## About this exercise
After locating "Curve Flare Legging - Style Bar", return its line and all lines that follow through the end of the listing below, exactly; leave out pictures.
§ §
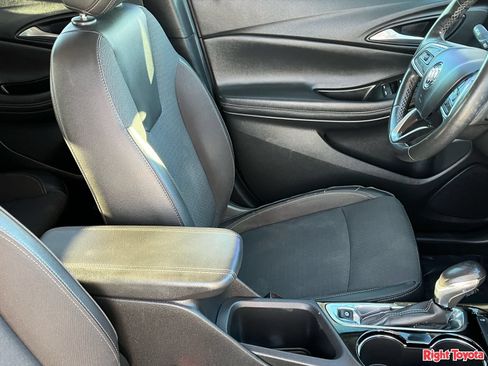 Used 2020 Buick Encore GX Preferred FWD image 13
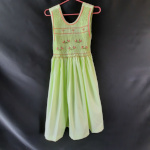 Robe à smocks, taille 6 ans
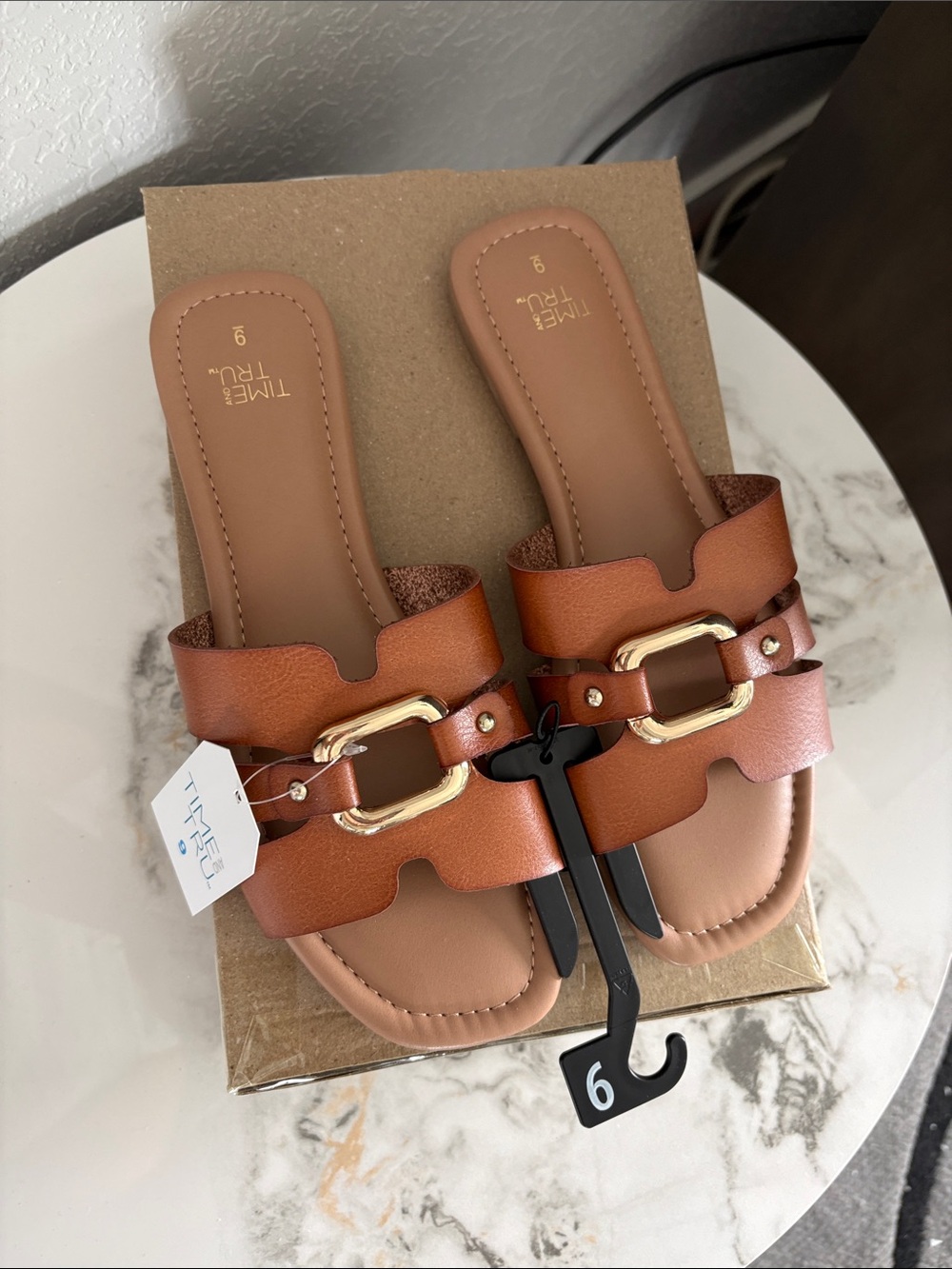 Time and Tru Tan Brown Slide Sandals with Gold Buckle Size 9 - Picture 4 of 9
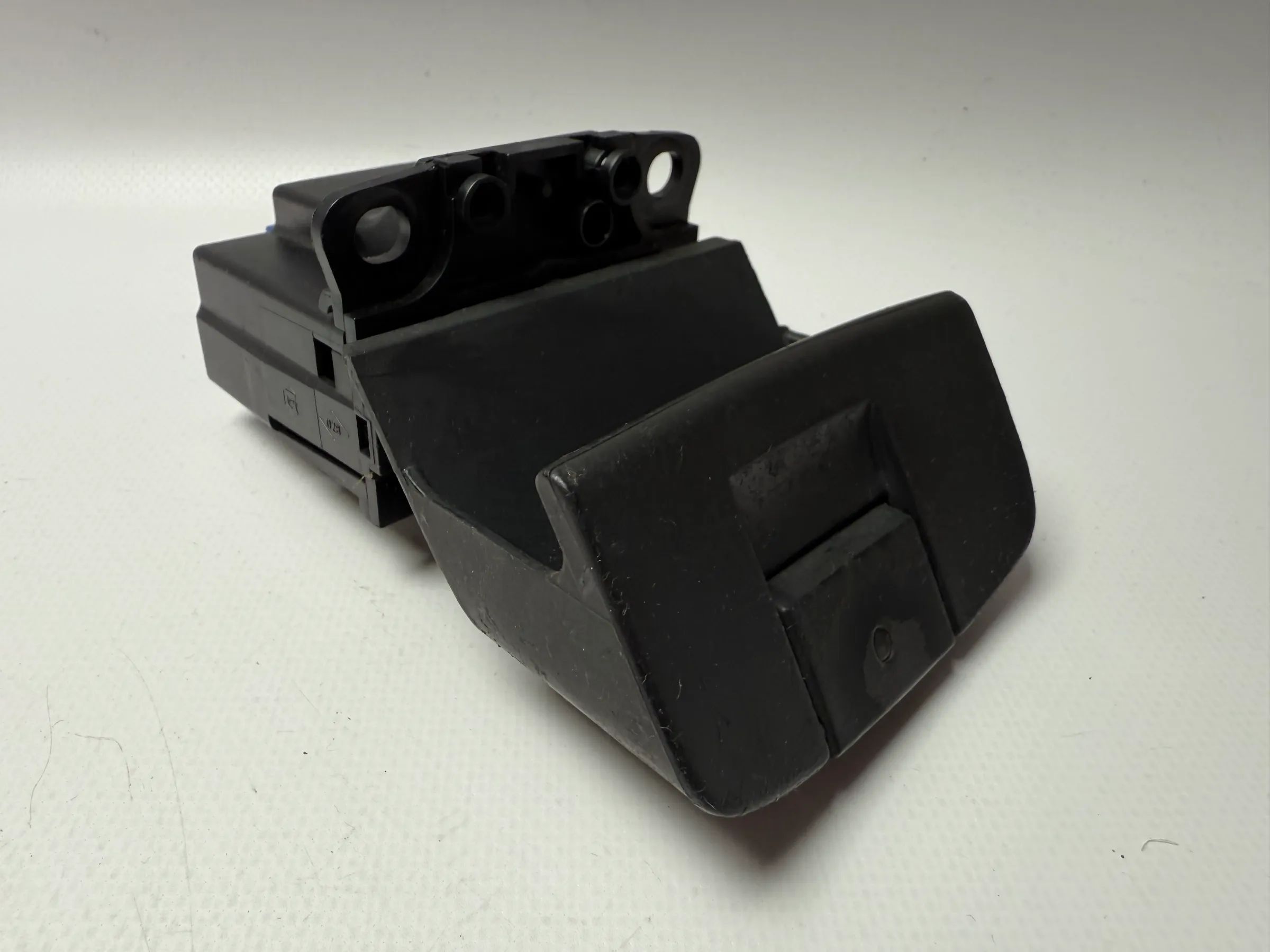 Оригинальная ручка стояночного тормоза Рено 8200048590A MAP 10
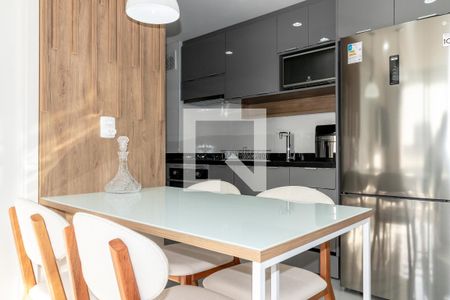 Cozinha de apartamento para alugar com 2 quartos, 40m² em Moema, São Paulo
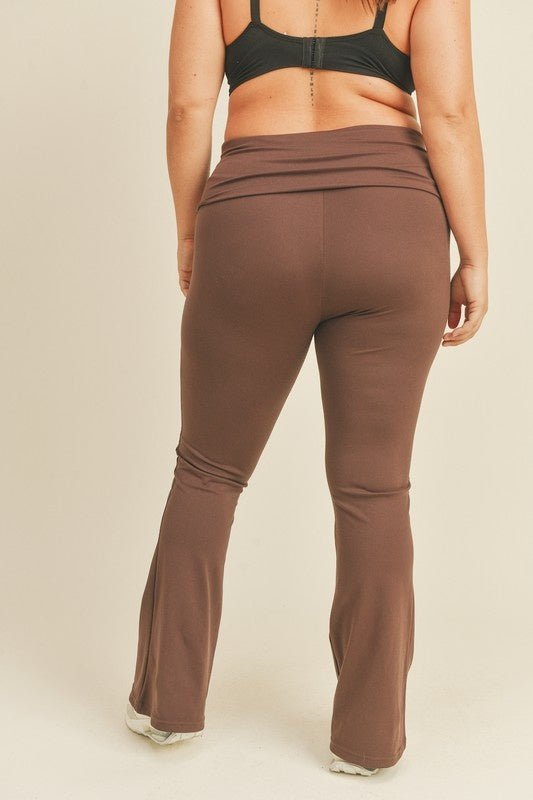 Curve Flare Legging - Style Bar
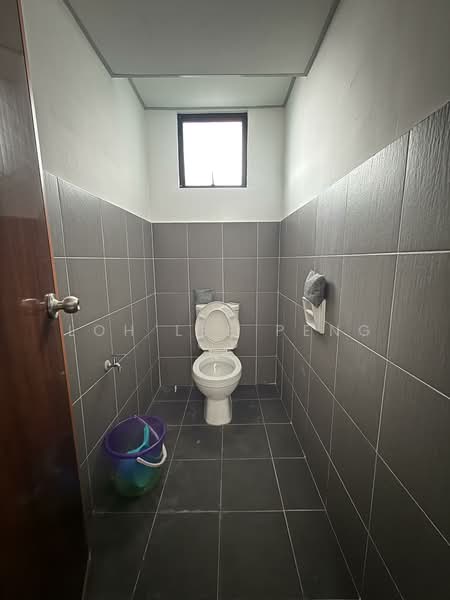 Shop / Office for Rent in Taman Bestari Perdana (Pasir Gudang) - Loh Lee Peng - Bathroom - PropertyGuru.com.my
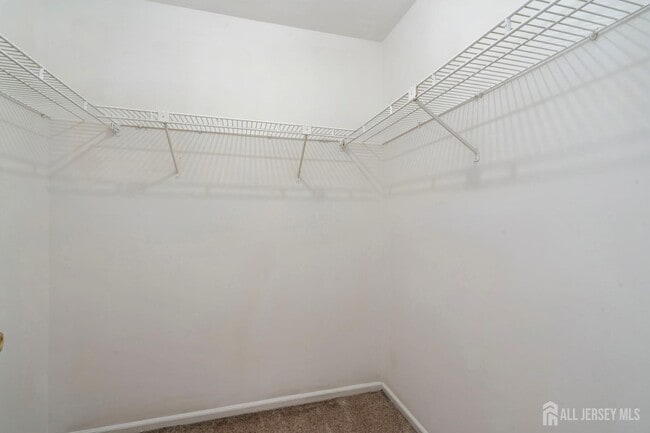 Building Photo - 57 Woodmere Dr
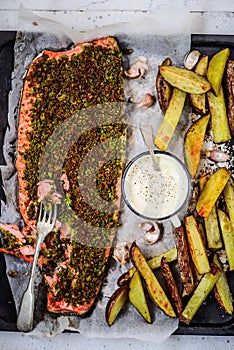 Herb crusted salmon .style rustic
§ §
## Answer section
 Curve Flare Legging - Style Bar
 Shop / Office for Rent in Taman Bestari Perdana (Pasir Gudang) - Loh Lee Peng - Bathroom - PropertyGuru.com.my
 Building Photo - 57 Woodmere Dr
 Herb crusted salmon .style rustic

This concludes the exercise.